Work instructions
What lines below include the word "Wedding"? Copy each one.

Records for this task
########################################

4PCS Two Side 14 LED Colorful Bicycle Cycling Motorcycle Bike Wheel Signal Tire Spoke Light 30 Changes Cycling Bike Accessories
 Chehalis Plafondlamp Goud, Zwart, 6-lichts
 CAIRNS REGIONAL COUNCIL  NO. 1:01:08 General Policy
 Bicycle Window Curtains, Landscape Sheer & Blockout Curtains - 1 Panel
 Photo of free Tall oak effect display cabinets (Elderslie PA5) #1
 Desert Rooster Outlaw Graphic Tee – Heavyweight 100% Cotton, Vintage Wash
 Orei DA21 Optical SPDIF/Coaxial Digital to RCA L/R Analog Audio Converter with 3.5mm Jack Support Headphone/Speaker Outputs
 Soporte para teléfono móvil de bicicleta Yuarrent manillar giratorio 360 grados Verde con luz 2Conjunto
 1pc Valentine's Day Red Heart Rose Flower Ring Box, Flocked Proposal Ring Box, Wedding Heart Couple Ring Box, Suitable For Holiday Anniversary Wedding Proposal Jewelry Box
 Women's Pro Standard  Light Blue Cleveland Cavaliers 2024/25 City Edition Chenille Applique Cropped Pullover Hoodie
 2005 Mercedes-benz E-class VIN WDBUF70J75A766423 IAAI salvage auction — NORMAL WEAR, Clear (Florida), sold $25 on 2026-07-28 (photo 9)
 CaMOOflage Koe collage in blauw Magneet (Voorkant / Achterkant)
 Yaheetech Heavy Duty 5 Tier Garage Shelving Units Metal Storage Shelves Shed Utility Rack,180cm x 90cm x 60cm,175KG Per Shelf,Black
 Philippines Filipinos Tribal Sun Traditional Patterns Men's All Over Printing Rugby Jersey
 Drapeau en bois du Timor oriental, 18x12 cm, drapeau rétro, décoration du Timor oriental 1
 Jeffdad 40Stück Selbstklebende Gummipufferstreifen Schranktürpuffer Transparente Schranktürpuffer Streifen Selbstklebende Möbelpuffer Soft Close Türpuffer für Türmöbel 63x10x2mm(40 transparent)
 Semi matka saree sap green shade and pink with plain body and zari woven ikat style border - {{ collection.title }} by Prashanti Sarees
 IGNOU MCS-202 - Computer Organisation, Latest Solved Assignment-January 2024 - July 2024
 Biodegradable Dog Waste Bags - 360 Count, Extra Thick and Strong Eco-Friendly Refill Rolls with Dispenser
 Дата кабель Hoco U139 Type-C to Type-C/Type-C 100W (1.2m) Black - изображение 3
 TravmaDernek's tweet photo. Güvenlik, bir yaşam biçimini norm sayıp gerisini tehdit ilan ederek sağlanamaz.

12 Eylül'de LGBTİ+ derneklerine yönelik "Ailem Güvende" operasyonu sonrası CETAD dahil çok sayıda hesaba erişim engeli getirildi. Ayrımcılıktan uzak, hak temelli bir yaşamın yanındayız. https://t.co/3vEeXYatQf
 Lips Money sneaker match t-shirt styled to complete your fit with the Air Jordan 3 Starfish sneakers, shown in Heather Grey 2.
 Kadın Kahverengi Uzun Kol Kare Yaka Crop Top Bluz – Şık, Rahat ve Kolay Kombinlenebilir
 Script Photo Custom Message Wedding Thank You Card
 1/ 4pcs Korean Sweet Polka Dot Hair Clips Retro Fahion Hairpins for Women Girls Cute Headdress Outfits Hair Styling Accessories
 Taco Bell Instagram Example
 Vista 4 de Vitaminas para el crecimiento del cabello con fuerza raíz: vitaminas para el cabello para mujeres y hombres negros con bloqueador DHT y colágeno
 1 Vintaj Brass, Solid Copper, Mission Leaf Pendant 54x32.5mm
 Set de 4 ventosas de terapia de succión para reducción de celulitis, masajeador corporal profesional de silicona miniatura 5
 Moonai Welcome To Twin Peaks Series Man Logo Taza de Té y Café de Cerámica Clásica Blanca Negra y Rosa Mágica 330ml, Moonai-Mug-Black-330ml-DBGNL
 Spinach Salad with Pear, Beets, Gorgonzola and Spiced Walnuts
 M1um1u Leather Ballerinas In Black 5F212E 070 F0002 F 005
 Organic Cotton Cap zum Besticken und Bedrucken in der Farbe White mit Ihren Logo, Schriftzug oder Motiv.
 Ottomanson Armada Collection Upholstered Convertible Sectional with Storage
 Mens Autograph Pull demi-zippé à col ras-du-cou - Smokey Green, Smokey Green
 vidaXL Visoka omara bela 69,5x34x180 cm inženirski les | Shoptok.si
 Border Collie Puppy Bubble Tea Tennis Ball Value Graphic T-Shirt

########################################

Exercise response
 1pc Valentine's Day Red Heart Rose Flower Ring Box, Flocked Proposal Ring Box, Wedding Heart Couple Ring Box, Suitable For Holiday Anniversary Wedding Proposal Jewelry Box
 Script Photo Custom Message Wedding Thank You Card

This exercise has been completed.